Abstract

With an increase in the number of data instances, data processing operations (e.g. clustering) requires an increasing amount of computational resources, and it is often the case that for considerably large datasets such operations cannot be executed on a single workstation. This requires the use of a server computer for carrying out the operations. However, to ensure privacy of the shared data, a privacy preserving data processing workflow involves applying an encoding transformation on the set of data points prior to applying the computation. This encoding should ideally cater to two objectives—first, it should be difficult to reconstruct the data, second, the results of the operation executed on the encoded space should be as close as possible to the results of the same operation executed on the original data. While standard encoding mechanisms, such as locality sensitive hashing, caters to the first objective, the second objective may not always be adequately satisfied.In this paper, we specifically focus on ‘clustering’ as the data processing operation.
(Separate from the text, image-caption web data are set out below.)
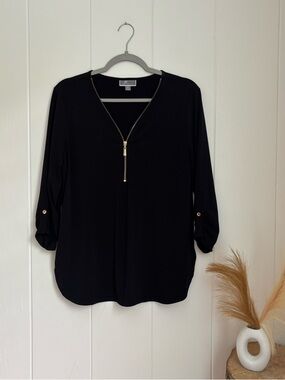 JM Collection Black V-Neck Zip Front Blouse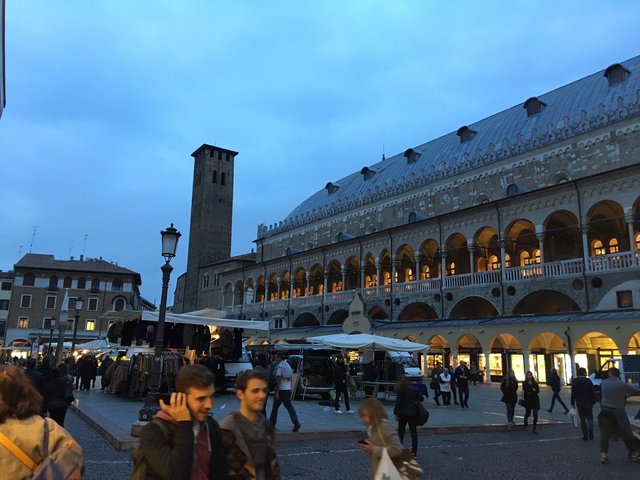 piazza-della-frutta-1.jpg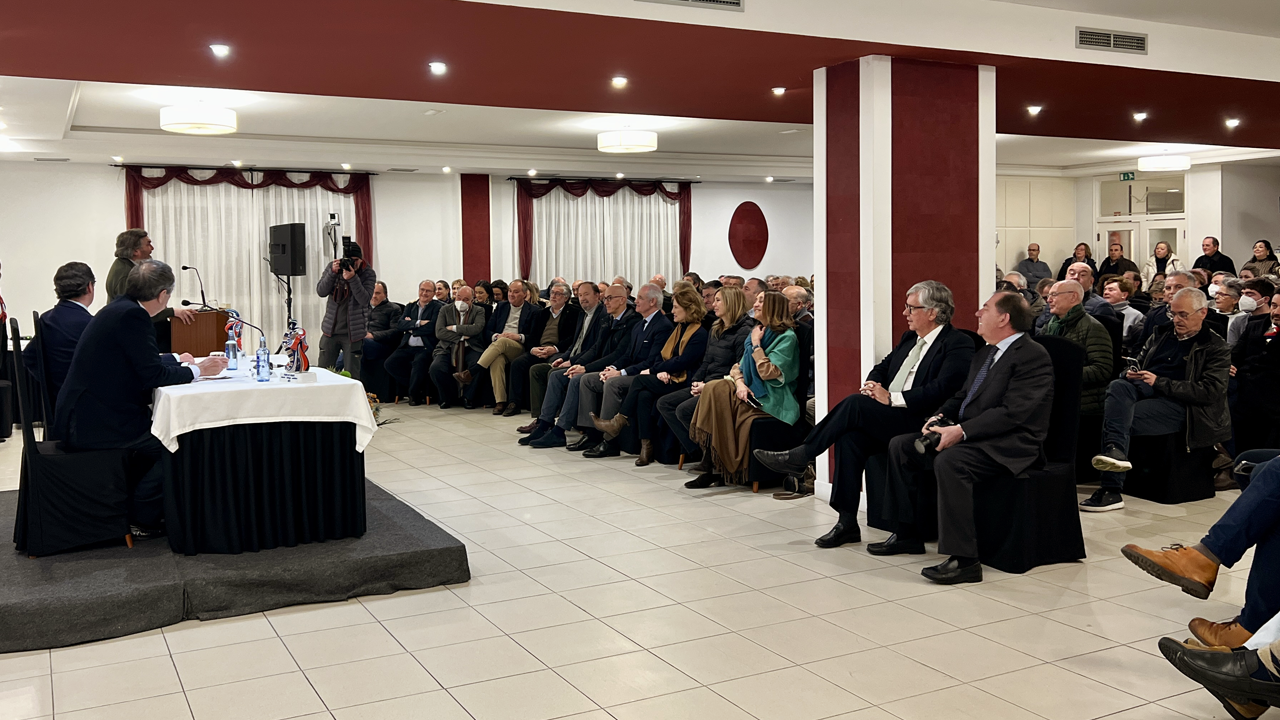 foros de debate en la funcdacion sargadelos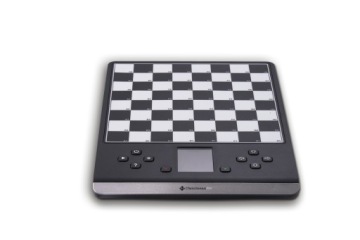 Шахматный компьютер Millennium Chess Genius Pro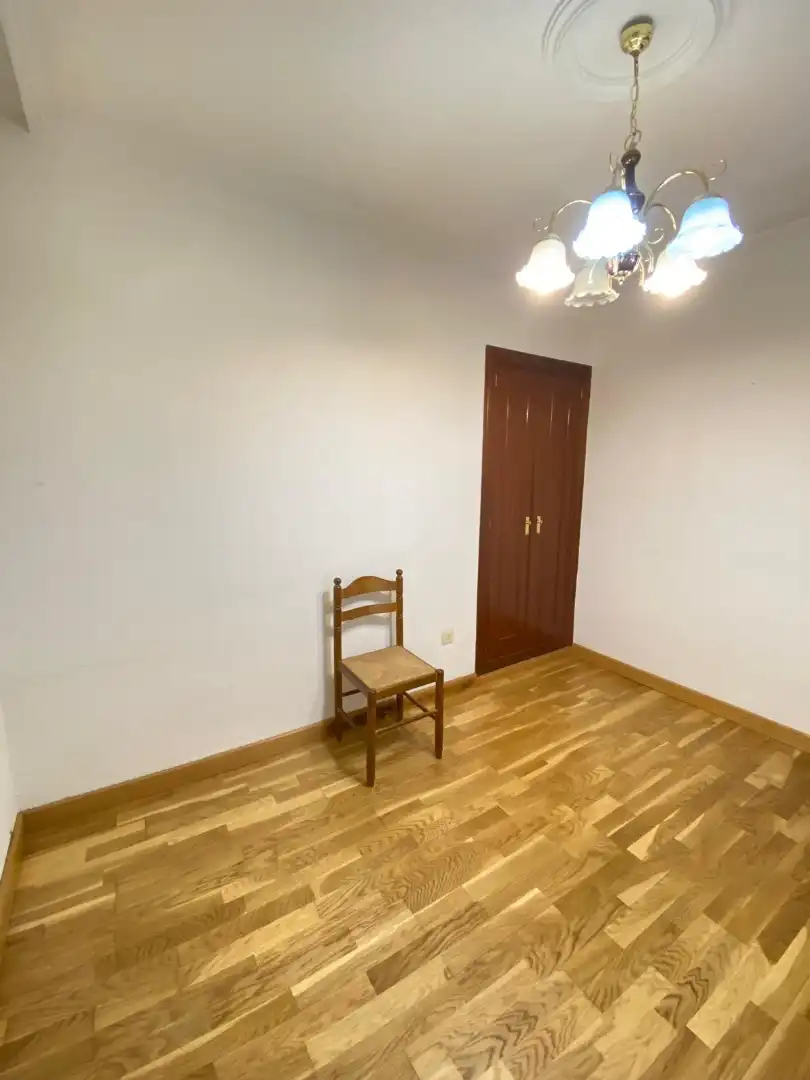 Dormitori de Pis en venda en Valladolid amb Calefacció, Parquet i Moblat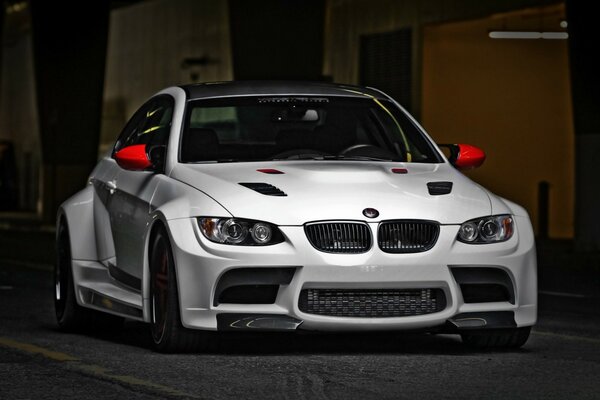 BMW M 93 car with red mirrors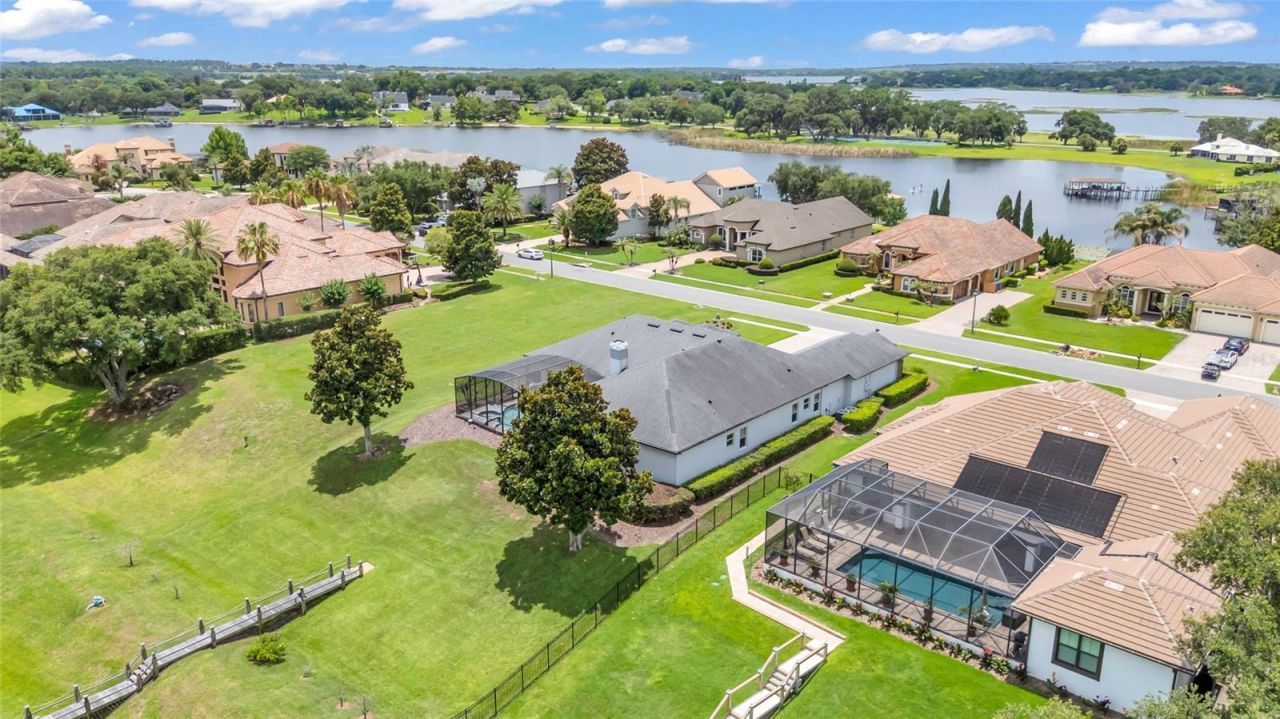 906 Johns Point Drive, Oakland, FL 34787 Photo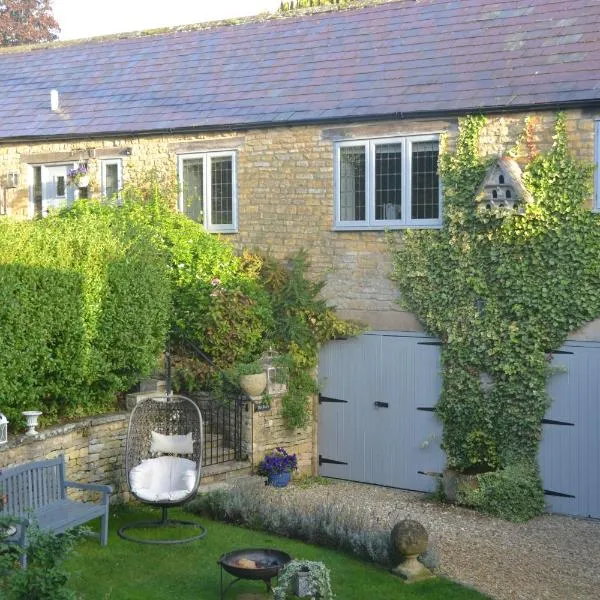 Longborough에 위치한 호텔 Church Cottage Barn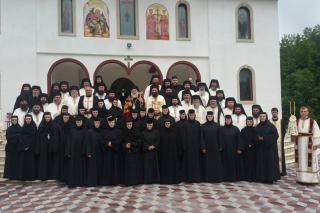 Cinul monahal din Eparhia Romanului şi Bacăului, în comuniune de rugăciune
We apply a deep metric learning approach to learn a parameterized encoding transformation function with an objective to maximize the alignment of the clusters in the encoded space to those in the original data. We conduct experimentation on four standard benchmark datasets, particularly MNIST, Fashion-MNIST (each dataset contains 70K grayscale images), CIFAR-10 consisting of 60K color images and 20-Newsgroups containing 18K news articles. Our experiments demonstrate that the proposed method yields better clusters in comparison to approaches where the encoding process is agnostic of the clustering objective.